### [WHAT YOU WILL DO]
Images aside, the whole listing should be written out word for word.

### [COLLECTED MATERIAL]
[Start of section]

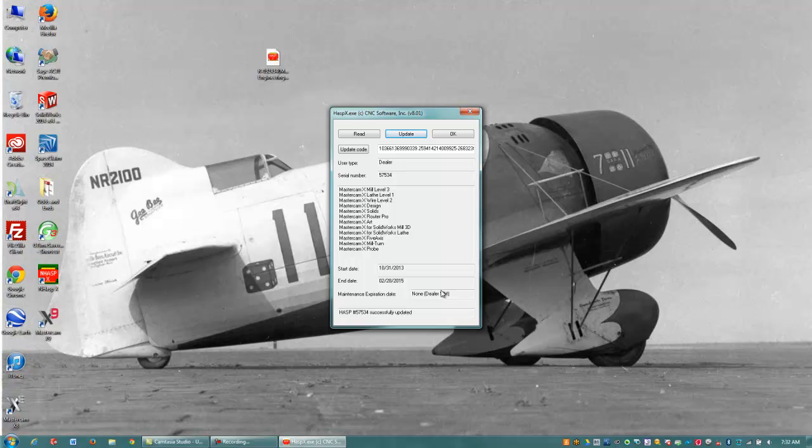That's usually all that's needed to update a local HASP code if you have the current version of Mastercam installed. I'll have another video showing you how to install a HASP code if you do not have the current version of Mastercam installed, please just refer to that video. Thank you and have a great day.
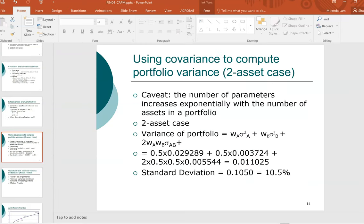We can get the same information using the covariance between stock A and stock B to compute the standard deviation and variance of the portfolio. The advantage of computing portfolio variance this way is that it is easier when looking at a large number of portfolios or when examining the impact on risk and return by changing the weights. This is a more advanced topic and in the investments course we'll spend more time on constructing optimal portfolios. In the next video, we'll go over conceptually how changing the weights in the stocks allows us to create the most efficient portfolio.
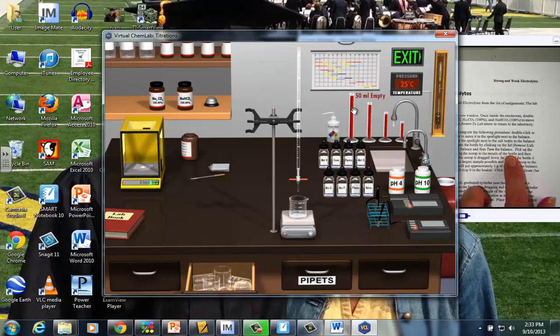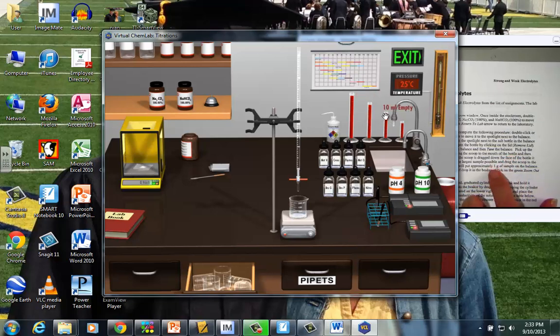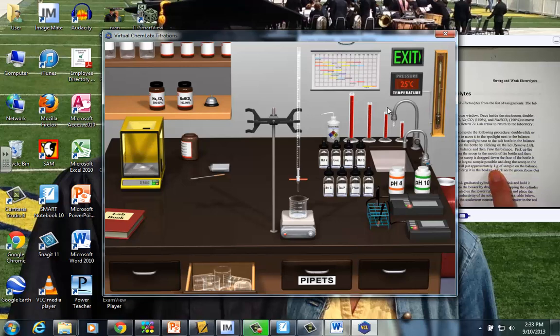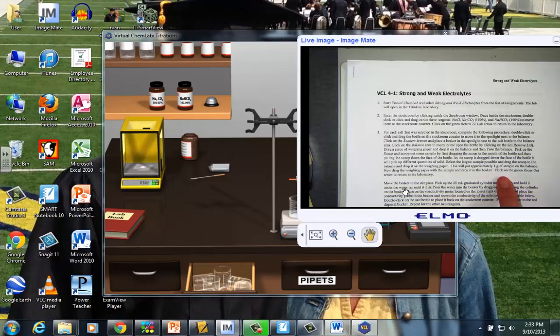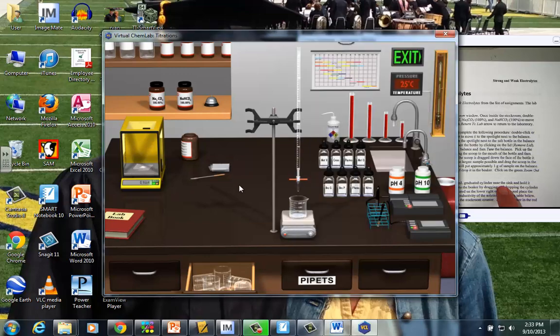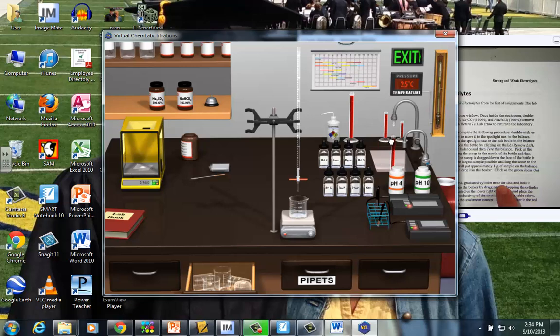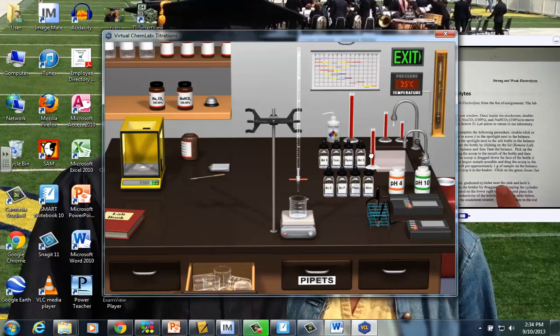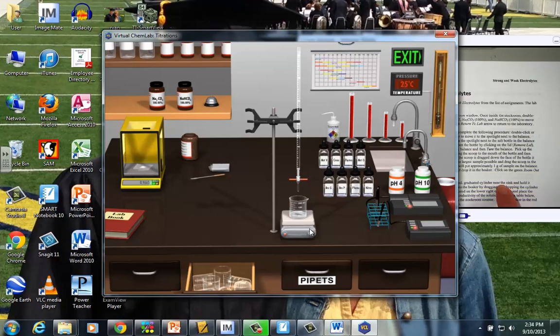Next, over here we have some graduated cylinders, and right now from the 5 mil, here's 10, 25, and 50 mils. Our directions tell us to take 25 mils of water. We're going to move the beaker to the stir plate, add 25 mils of water. If I just grab the 25 mil grad cylinder, place it under the sink. Hear that water pouring? It turns right into that grad cylinder. So now it's reading that it's full. Click and drag that grad cylinder to the top of your beaker, and just pour that water in.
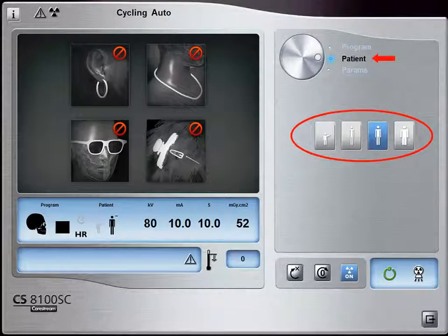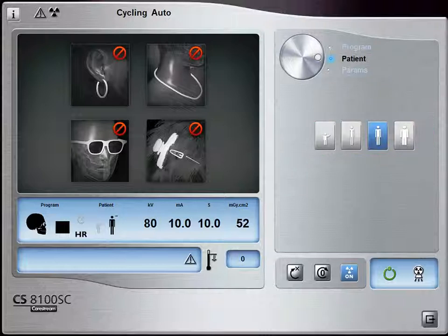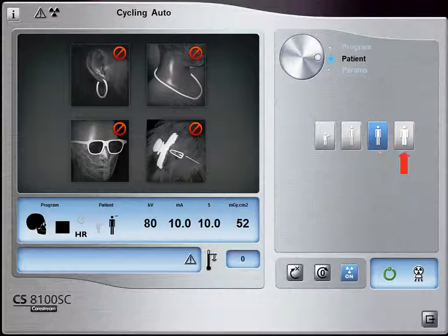In the Patient pane, select the patient type according to the patient's jaw size. The selection automatically adjusts the KV, MA output and time of exposure, and determines the trajectory length. Choose from the following patient types: Child, Adult with small jaw, Adult with medium jaw, or Adult with large jaw.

[End of section]

### [WRITTEN SOLUTION]
That's usually all that's needed to update a local HASP code if you have the current version of Mastercam installed. I'll have another video showing you how to install a HASP code if you do not have the current version of Mastercam installed, please just refer to that video. Thank you and have a great day.
We can get the same information using the covariance between stock A and stock B to compute the standard deviation and variance of the portfolio. The advantage of computing portfolio variance this way is that it is easier when looking at a large number of portfolios or when examining the impact on risk and return by changing the weights. This is a more advanced topic and in the investments course we'll spend more time on constructing optimal portfolios. In the next video, we'll go over conceptually how changing the weights in the stocks allows us to create the most efficient portfolio.
Next, over here we have some graduated cylinders, and right now from the 5 mil, here's 10, 25, and 50 mils. Our directions tell us to take 25 mils of water. We're going to move the beaker to the stir plate, add 25 mils of water. If I just grab the 25 mil grad cylinder, place it under the sink. Hear that water pouring? It turns right into that grad cylinder. So now it's reading that it's full. Click and drag that grad cylinder to the top of your beaker, and just pour that water in.
In the Patient pane, select the patient type according to the patient's jaw size. The selection automatically adjusts the KV, MA output and time of exposure, and determines the trajectory length. Choose from the following patient types: Child, Adult with small jaw, Adult with medium jaw, or Adult with large jaw.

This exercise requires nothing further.